Given an analog clock with sweeping hour, minute, and second hands, at what times are the hands most evenly “balanced”– that is, most equally separated in angle?
It’s a standard high school algebra problem to compute all of the times at which just the hour and minute hands are aligned on top of each other. And it’s relatively straightforward to show that all three hands, including the second hand, are only exactly aligned twice per day, at 12 o’clock. But this problem is different: here, we would like the three angles made by the three hands to be as equal– that is, as close to 120 degrees each– as possible.
As we will see shortly, there is no time at which all three angles are exactly 120 degrees. (This is another nice exercise to prove just using pencil and paper.) So, how close can we get? This post was an admittedly somewhat frivolous excuse to experiment with SymPy, the Python symbolic mathematics library bundled with SciPy. My approach was pretty brute-force, letting SymPy do all of the heavy lifting with very few lines of code, including evaluating multiple different metrics defining what we mean by “balanced.” (All of the code discussed here is available on GitHub.)
The problem is complicated by the floor functions that would be buried in the cost function if we were to use a single parameter to represent the continuously varying time over the entire 12-hour domain. Instead, let’s divide the domain into 12×60=720 one-minute intervals, each specified by a fixed integer hour and minute, and for each, only let the second hand sweep through the single revolution of that one minute of time, computing the resulting three angles between consecutive hands:
def hand_positions(hour, minute, second): """Return positions in [0, 360) of clock hands.""" r_60 = sym.Rational(60, 1) return (360 * (hour + minute / r_60 + second / (r_60 * r_60)) / 12, 360 * (minute + second / r_60) / r_60, 360 * second / r_60) def hand_angles(hands): """Return angles between clock hands.""" x, y, z = sorted(hands) return (y - x, z - y, x - z + 360)

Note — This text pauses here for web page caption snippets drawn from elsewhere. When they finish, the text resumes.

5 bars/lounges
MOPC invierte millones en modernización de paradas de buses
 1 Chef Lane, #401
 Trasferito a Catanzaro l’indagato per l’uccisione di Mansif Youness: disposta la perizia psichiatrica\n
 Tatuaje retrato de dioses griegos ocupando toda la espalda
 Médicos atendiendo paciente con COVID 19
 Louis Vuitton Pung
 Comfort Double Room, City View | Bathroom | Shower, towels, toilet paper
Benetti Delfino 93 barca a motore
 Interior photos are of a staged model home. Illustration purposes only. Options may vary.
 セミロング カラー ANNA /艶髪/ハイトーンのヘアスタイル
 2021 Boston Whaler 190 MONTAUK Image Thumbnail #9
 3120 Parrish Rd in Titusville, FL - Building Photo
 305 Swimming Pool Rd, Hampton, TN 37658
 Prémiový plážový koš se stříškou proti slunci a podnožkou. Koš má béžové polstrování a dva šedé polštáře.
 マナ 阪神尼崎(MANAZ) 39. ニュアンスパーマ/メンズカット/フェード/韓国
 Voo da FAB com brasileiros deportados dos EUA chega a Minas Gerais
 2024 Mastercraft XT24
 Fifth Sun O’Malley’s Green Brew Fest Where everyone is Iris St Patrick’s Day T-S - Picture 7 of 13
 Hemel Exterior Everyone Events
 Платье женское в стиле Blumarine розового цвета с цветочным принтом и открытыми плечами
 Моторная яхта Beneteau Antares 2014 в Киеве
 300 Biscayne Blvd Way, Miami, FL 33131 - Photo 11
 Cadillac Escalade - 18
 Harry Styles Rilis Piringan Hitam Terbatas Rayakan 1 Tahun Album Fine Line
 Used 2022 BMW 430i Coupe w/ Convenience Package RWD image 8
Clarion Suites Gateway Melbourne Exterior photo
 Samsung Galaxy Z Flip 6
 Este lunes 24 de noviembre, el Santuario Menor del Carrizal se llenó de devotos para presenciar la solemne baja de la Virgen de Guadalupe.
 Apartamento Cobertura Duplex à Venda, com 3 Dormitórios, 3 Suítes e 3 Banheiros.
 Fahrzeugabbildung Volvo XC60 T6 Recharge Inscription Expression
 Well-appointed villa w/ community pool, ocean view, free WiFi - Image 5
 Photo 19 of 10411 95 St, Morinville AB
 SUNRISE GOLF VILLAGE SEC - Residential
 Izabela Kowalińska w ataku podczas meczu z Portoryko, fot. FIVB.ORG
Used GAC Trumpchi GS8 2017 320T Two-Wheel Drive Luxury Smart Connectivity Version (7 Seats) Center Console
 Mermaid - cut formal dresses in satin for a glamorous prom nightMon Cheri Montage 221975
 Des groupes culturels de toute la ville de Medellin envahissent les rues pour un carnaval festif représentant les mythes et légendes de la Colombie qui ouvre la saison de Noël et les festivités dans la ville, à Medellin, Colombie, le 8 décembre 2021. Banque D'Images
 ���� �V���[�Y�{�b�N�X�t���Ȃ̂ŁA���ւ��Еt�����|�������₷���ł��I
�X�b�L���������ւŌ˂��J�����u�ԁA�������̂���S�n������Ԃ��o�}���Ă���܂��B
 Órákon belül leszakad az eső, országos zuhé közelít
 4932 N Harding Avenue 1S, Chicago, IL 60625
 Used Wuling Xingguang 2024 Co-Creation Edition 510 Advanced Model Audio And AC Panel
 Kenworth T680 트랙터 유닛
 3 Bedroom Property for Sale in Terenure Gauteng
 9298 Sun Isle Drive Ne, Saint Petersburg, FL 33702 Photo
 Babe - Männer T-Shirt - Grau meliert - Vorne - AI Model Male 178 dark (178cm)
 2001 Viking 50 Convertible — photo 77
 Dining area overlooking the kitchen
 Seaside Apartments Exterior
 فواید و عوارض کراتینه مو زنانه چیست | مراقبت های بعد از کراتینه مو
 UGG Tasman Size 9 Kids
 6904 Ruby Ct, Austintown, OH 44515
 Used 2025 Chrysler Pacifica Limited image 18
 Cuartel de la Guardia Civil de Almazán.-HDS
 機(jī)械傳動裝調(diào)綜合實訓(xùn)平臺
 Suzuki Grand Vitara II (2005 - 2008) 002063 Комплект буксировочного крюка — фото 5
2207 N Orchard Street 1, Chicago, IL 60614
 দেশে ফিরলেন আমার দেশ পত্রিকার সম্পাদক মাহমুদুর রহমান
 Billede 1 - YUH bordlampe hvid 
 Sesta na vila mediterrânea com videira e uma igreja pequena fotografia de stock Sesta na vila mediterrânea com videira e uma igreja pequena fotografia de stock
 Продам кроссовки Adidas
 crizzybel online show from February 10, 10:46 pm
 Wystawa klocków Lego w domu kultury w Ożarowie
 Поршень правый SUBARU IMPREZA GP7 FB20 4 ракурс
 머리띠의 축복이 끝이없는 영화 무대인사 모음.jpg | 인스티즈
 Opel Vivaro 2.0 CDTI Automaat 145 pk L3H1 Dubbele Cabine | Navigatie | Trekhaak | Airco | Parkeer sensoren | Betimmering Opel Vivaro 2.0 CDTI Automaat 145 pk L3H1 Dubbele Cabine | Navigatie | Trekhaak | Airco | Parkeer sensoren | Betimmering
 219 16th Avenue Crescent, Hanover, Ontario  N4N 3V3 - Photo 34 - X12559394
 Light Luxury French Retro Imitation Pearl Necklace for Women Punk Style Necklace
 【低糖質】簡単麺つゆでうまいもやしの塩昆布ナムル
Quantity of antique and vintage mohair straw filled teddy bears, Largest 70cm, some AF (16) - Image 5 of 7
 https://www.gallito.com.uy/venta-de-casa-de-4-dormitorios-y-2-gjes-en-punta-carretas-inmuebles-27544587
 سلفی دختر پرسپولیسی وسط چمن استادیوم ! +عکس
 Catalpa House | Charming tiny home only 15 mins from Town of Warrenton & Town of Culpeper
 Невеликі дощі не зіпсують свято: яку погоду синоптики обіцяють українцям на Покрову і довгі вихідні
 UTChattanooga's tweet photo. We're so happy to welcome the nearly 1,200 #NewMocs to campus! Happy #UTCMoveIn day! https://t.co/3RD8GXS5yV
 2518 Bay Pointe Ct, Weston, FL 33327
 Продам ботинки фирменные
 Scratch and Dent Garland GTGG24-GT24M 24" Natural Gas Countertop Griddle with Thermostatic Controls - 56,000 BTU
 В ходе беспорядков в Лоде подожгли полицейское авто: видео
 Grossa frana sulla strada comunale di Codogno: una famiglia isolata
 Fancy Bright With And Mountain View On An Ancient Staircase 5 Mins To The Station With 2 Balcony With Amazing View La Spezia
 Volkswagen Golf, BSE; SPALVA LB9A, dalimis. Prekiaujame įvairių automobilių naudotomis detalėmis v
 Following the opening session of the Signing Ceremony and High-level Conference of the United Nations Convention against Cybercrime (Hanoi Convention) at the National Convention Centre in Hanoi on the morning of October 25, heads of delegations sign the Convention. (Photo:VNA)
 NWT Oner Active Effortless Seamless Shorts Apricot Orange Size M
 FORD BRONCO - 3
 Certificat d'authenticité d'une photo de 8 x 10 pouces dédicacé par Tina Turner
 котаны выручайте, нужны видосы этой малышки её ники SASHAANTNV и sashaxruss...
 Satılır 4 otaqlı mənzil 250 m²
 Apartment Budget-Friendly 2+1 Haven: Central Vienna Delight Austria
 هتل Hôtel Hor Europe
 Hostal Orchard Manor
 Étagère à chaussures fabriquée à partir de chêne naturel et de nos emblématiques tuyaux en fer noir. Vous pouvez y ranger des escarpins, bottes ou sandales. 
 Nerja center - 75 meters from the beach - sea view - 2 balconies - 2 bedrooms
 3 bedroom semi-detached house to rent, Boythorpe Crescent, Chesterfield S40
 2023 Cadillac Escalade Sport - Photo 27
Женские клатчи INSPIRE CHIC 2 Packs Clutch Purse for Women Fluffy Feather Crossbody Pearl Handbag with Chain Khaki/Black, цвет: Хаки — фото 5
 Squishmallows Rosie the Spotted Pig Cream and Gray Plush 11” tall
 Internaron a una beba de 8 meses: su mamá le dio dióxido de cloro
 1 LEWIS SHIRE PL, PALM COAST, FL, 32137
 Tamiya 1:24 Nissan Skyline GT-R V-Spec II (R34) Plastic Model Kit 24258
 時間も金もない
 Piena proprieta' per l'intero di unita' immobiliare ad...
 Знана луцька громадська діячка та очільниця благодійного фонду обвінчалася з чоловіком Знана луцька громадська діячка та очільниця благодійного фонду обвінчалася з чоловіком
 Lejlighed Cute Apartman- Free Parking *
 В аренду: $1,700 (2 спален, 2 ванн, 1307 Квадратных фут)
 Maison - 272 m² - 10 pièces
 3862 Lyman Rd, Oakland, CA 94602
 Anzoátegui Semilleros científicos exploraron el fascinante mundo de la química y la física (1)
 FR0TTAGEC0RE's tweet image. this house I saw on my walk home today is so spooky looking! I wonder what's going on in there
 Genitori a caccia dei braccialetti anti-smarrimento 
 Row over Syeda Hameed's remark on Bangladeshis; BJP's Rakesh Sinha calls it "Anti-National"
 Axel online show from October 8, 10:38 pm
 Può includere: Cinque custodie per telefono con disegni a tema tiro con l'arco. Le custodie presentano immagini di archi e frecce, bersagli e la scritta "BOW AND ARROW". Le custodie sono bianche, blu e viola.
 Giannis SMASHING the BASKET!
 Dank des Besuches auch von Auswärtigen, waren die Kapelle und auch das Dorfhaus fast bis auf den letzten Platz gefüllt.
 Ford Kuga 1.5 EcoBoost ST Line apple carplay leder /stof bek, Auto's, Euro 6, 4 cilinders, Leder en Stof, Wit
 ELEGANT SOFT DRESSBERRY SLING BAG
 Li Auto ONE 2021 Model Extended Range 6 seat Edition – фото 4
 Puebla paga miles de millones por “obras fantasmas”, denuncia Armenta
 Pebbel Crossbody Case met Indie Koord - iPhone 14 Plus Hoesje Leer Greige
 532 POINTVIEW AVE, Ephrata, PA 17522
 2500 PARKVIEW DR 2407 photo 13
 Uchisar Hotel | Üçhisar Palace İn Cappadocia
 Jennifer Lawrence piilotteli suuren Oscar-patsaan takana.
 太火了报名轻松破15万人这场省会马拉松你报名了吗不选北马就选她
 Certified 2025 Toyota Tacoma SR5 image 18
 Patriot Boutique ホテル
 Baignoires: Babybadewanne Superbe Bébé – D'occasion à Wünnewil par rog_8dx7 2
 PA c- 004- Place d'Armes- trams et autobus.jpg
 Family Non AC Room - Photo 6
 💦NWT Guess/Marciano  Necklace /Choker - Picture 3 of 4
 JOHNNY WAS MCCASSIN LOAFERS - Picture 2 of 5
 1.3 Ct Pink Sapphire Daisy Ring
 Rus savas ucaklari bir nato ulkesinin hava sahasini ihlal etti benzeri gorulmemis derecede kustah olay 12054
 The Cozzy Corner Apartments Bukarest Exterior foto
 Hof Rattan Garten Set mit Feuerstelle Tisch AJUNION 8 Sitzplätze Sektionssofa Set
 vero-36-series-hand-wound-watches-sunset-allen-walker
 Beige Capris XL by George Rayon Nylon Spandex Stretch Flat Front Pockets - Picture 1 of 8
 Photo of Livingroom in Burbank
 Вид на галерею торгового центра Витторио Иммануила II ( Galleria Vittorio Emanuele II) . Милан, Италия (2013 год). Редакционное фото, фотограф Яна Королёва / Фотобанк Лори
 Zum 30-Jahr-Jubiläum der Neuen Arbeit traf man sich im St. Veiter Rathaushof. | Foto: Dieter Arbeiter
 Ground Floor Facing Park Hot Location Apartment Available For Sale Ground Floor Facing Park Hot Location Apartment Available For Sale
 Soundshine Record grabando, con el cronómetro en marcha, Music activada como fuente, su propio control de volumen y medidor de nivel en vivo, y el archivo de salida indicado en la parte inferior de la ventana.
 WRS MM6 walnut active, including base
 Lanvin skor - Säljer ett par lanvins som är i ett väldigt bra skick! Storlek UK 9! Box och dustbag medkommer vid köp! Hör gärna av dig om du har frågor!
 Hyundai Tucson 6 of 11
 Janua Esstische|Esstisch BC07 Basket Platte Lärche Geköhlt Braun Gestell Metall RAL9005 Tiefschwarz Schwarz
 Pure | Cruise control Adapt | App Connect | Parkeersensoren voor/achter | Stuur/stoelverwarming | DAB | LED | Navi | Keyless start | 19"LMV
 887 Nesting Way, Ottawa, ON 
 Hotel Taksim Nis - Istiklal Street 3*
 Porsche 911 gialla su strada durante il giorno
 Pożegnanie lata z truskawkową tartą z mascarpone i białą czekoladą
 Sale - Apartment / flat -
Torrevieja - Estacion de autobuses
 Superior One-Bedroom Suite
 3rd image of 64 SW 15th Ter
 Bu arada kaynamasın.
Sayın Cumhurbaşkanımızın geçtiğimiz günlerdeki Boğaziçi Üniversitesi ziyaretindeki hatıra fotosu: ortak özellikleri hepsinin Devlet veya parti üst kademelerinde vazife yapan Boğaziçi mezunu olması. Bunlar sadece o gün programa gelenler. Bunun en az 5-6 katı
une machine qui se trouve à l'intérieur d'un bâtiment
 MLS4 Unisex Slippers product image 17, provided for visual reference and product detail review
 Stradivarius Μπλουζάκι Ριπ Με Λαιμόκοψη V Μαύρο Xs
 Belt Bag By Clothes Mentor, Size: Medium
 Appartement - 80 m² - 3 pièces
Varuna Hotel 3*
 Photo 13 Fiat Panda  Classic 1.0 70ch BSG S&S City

At any given time, what yardstick should we use to measure how “balanced” the clock hands are? There are at least a couple of reasonable alternatives, even if we restrict our attention to (piecewise) linear cost functions. The first that occurred to me was to “maximize the minimum” angle: by the pigeonhole principle, at least one of the angles is at most 120 degrees, so let’s try to make that smallest angle as large as possible, measuring the deficit:
def max_min(*time): """(120 minus) minimum angle between clock hands.""" return 120 - min(hand_angles(hand_positions(*time)))
Rather than maximizing the minimum angle, another option is to “minimize the maximum” absolute deviation of each angle from the desired optimal 120 degrees. This cost is implemented below. (I had initially also implemented the Manhattan distance, i.e., the sum (or equivalently, the average) of absolute deviations from 120 degrees. But it’s another nice problem to show that this is unnecessary: the sum of absolute deviations yields the same ordering as the maximum of absolute deviations… but this would not generally be true if our clocks somehow had more than just three hands (why?).)
def min_max(*time): """Max. deviation from 120 deg. of angles between clock hands.""" return max(abs(a - 120) for a in hand_angles(hand_positions(*time)))
At this point, the key observation is that the only possible candidate times at which these cost functions are optimized are at their critical points (or at endpoints of the domain). And because these costs are piecewise linear, the critical points are easy to enumerate: either two of the angles are equal (when maximizing the minimum angle), or one of the angles is exactly 120 degrees (when minimizing the absolute deviation). The following function lumps all of these possibilities together into one list:
h, m, s = [sym.Symbol(v) for v in 'hms'] def critical_points(): """Generate possible critical positions of sweeping second hand.""" yield 0 for x, y, z in permutations(hand_positions(h, m, s)): a, b, c = (y - x, z - y, x - z + 360) for lhs, rhs in ((a, b), (a, c), (b, c), (a, 120), (b, 120), (c, 120)): yield from sym.solve(lhs - rhs, [s])
The resulting “most balanced” times are shown below. There are a couple of interesting observations. First, a solution won’t be unique; times come in “mirror image” pairs with the same cost. Second, although the two cost functions considered here do yield slightly different optimal times, they differ by less than 3 hundredths of a second, and the same four or five best mirror pairs are all clustered within about 8 hundredths of a second of each other– all at approximately 2:54:34, along with its mirror time 9:05:25.
Finally, what if the second hand doesn’t sweep, but ticks from one integer second to the next? (When I was a kid, this was the magic method to distinguish between the real and fake Rolex watch, neither of which any of us had actually ever seen.) In this case, the most balanced times– that also appear within about a tenth of a second of the nearby overall top ten times– are at 5:49:09, along with its mirror time 6:10:51, as shown below.